Il secondo elemento imprescindibile di questa operazione cinematografica è senza dubbio la colonna sonora che, come piace tanto dire ai critici, si fa personaggio aggiunto. La musica extradiegetica e di commento è da sempre parte integrante della cinematografia, permettendo un maggior coinvolgimento emotivo. Nel caso di Deadpool & Wolverine diventa a sua volta uno strumento metalinguistico, che accompagna le scene e, allo stesso tempo, analizza la realtà e affonda in essa le proprie dita fatte di note. Anche in questo caso è difficile spiegare quanto sia geniale l'utilizzo della colonna sonora senza correre il rischio di rovinare l'esperienza a chi vedrà il film, ma il punto è proprio questo: la colonna sonora è studiata così bene che persino essa può trasformarsi in uno spoiler da voler saltare a pié pari, un'anticipazione che non merita di essere svelata all'interno di una recensione. Ma, credeteci, è davvero, davvero ben fatta, studiata e realizzata.

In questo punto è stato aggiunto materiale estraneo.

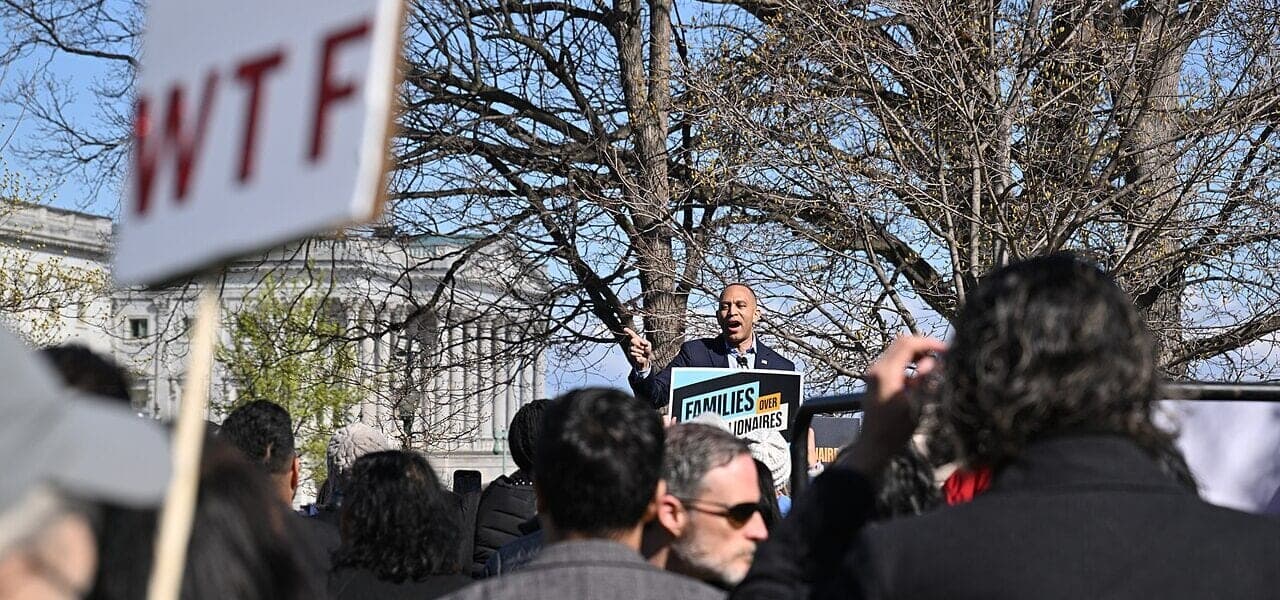 The House Should Censure Hakeem Jeffries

E arriviamo così al punto più emotivo dell'intera vicenda: l'incontro tra Deadpool e Wolverine. Non staremo certo qui a spiegare come il film abbia aggiraro l'ostacolo della morte di Wolverine in Logan. Quello che interessa è soprattutto il modo in cui la sceneggiatura fa interagire il logorroico, goliardico e sboccato Deadpool, che non chiude la bocca nemmeno (e soprattutto) quando ne va della sua vita, con un Logan silenzioso, arrabbiato, che sulle spalle porta un peso enorme che lo ha trasformato in qualcuno che non cerca giustizia, ma il fondo di una battaglia. Se è vero che "gli opposti si attraggono", il carattere opposto di Wade e Logan li rende una coppia perfetta, assolutamente irresistibile, anche perché dietro le loro evidenti differenze nascondono non solo un cuore buono, ma anche un certo e costante ricorso all'ironia che rende la loro bromance uno degli aspetti migliori d questo lavoro, che si fa forte di alcuni cameo d'eccezione e di un cast che include Emma Corrin e Matthew MacFadyen che risultano incredibilmente verosimili pur nel loro essere al di sopra di qualsiasi proverbiale riga. Quasi postmoderno nella sua capacità di miscelare cultura pop, citare film più o meno recenti, Deadpool & Wolverine ci ricorda che il cinema è soprattutto coinvolgimento e passione, abilità di raccontare e di far credere alle storie più assurde come se fossero solo una lista di fatti provati scientificamente. E il film, inoltre, ci ricorda che il "nostro mondo", a volte, non è altro che sette persone che sono sempre lì. Per noi.